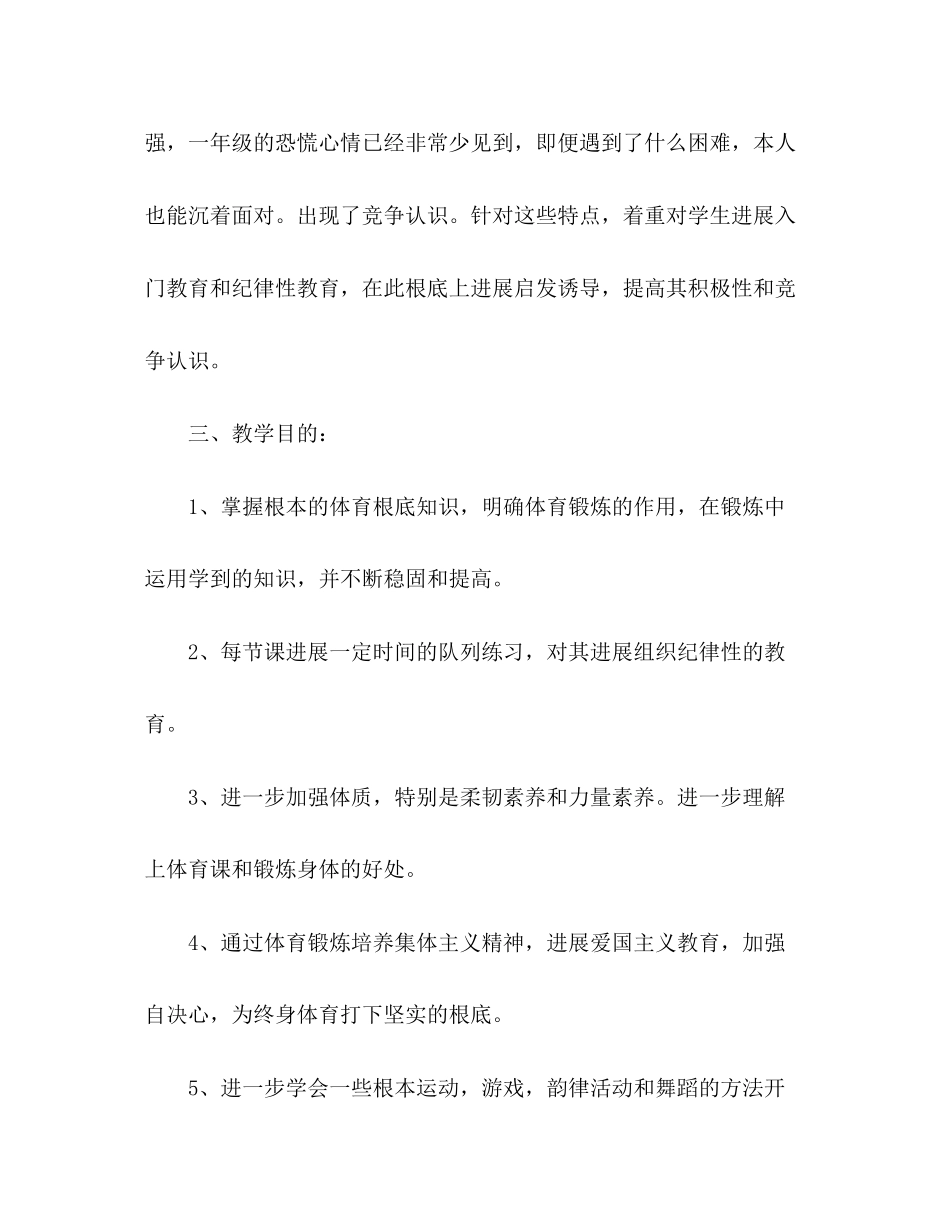 2023年下学期二级体育教学计划.docx_第2页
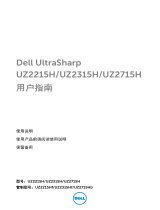 Dell UZ2215H ユーザーガイド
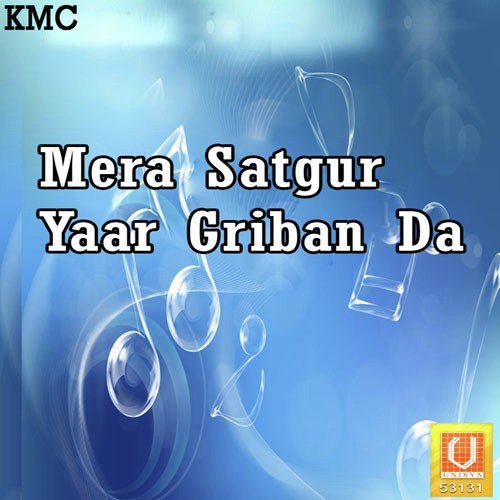 Santa Di Surat Rabb by Pathi Darshan Singh Ji - Download on PagalFree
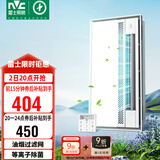 雷士（NVC）政府补贴凉霸厨房专用冷风机换气照明一体杀菌滤网油烟吹风机Y037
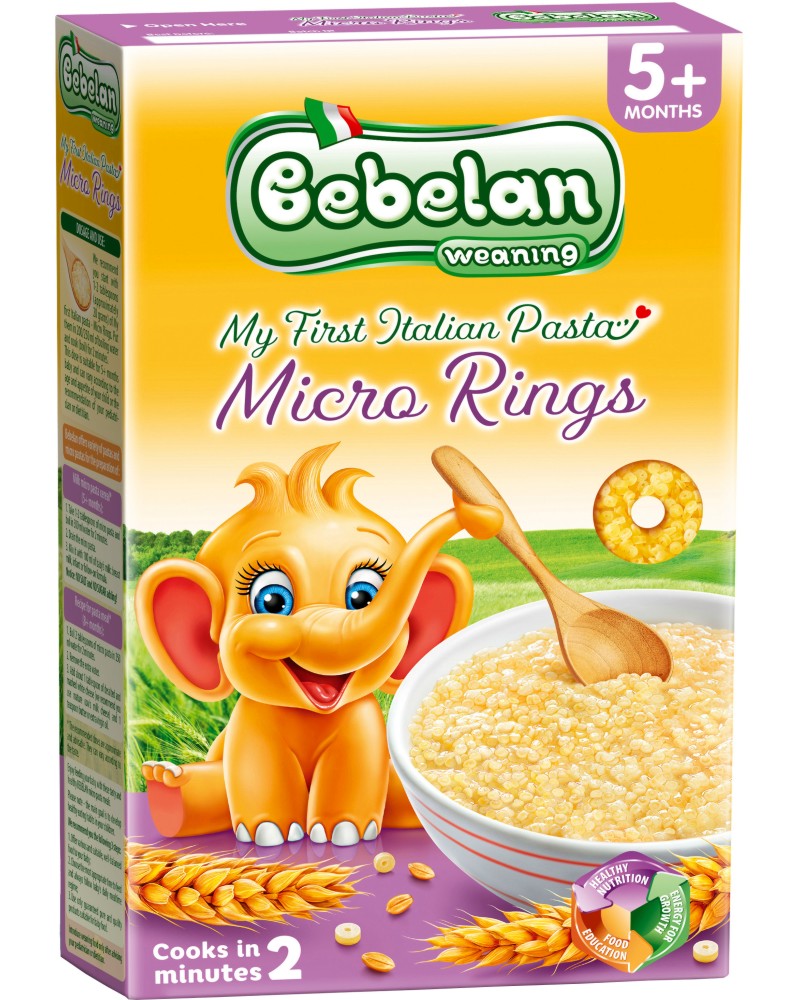    Bebelan Micro Rings - 350 g,  5+  - 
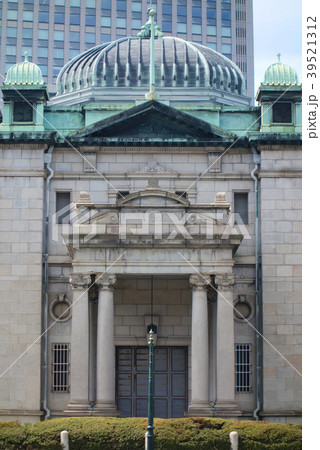 日本銀行 大阪支店 39521312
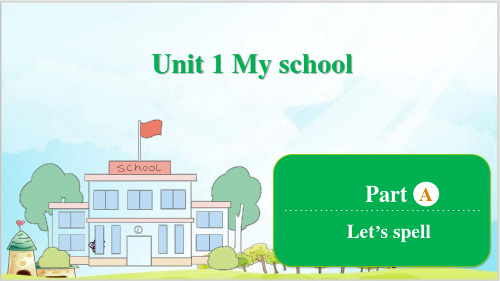 四年级下册英语精品ppt-Unit1 My school Part A Let's spell 人教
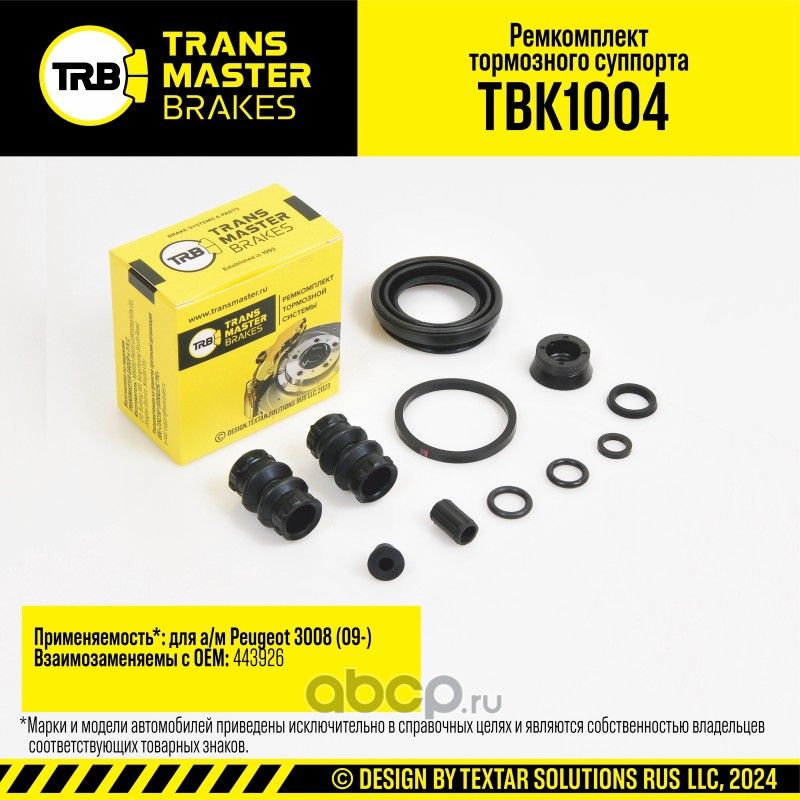 Ремкомплект тормозного суппорта, PEUGEOT 3008 09-, задняя ось, d.38 мм (Transmaster). Артикул TBK1004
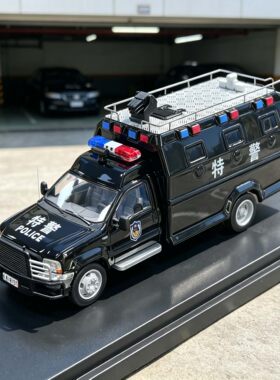 北京HEC限定 模之术 1:64 福特F550 特警防爆运兵车 合金车摸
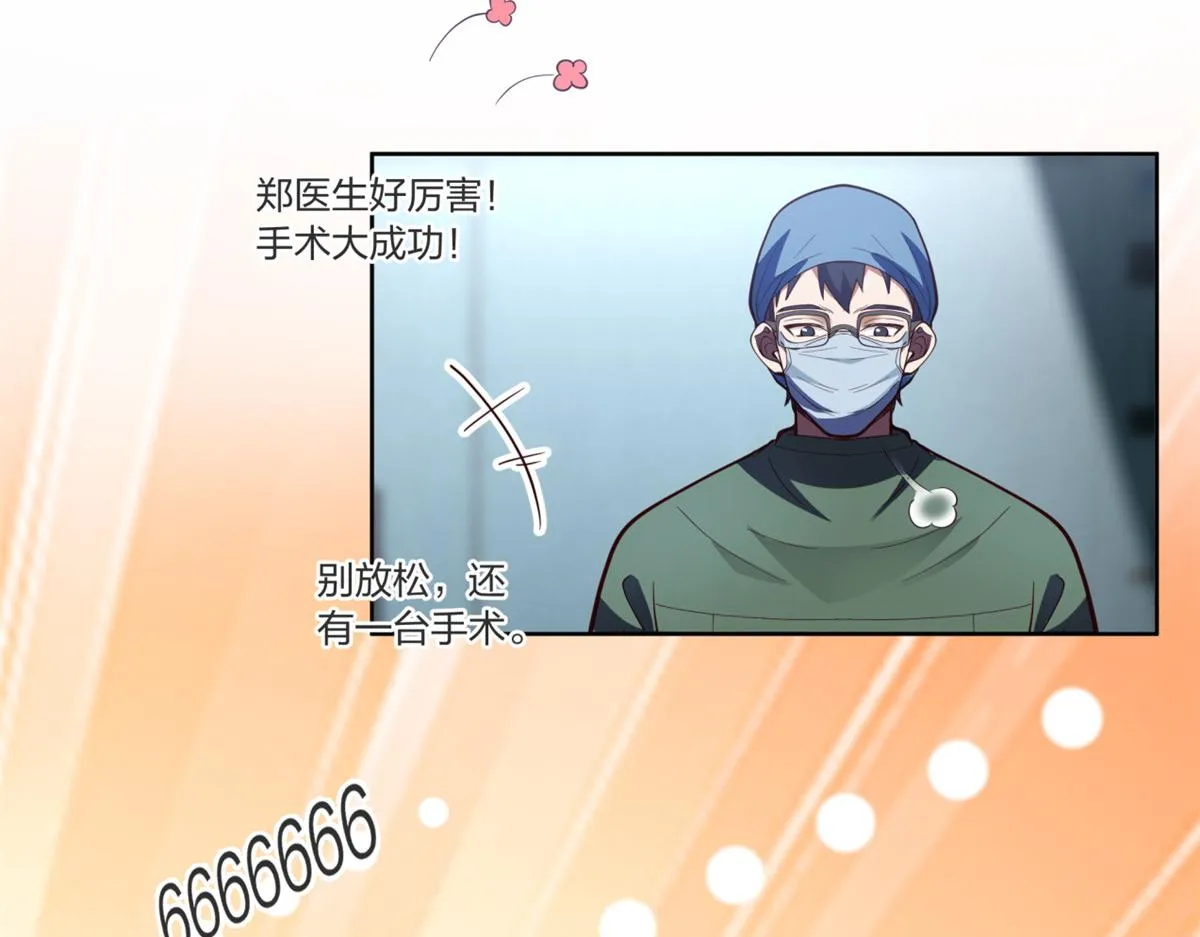 16 第67页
━━━━━━━━━━━━━━━━
Work instruction:
Nothing but an exact transcription of the material, without pictures, should be returned.

Exercise result:
 2023年下学期二级体育教学计划.docx_第2页
 Dell UZ2215H ユーザーガイド
 Santa Di Surat Rabb by Pathi Darshan Singh Ji - Download on PagalFree
 雷士（NVC）政府补贴凉霸厨房专用冷风机换气照明一体杀菌滤网油烟吹风机Y037
    Bebelan Micro Rings - 350 g,  5+  - 
 日本銀行 大阪支店 39521312
 四年级下册英语精品ppt-Unit1 My school Part A Let's spell 人教
 Ремкомплект тормозного суппорта, PEUGEOT 3008 09-, задняя ось, d.38 мм (Transmaster). Артикул TBK1004
 北京HEC限定 模之术 1:64 福特F550 特警防爆运兵车 合金车摸
 16 第67页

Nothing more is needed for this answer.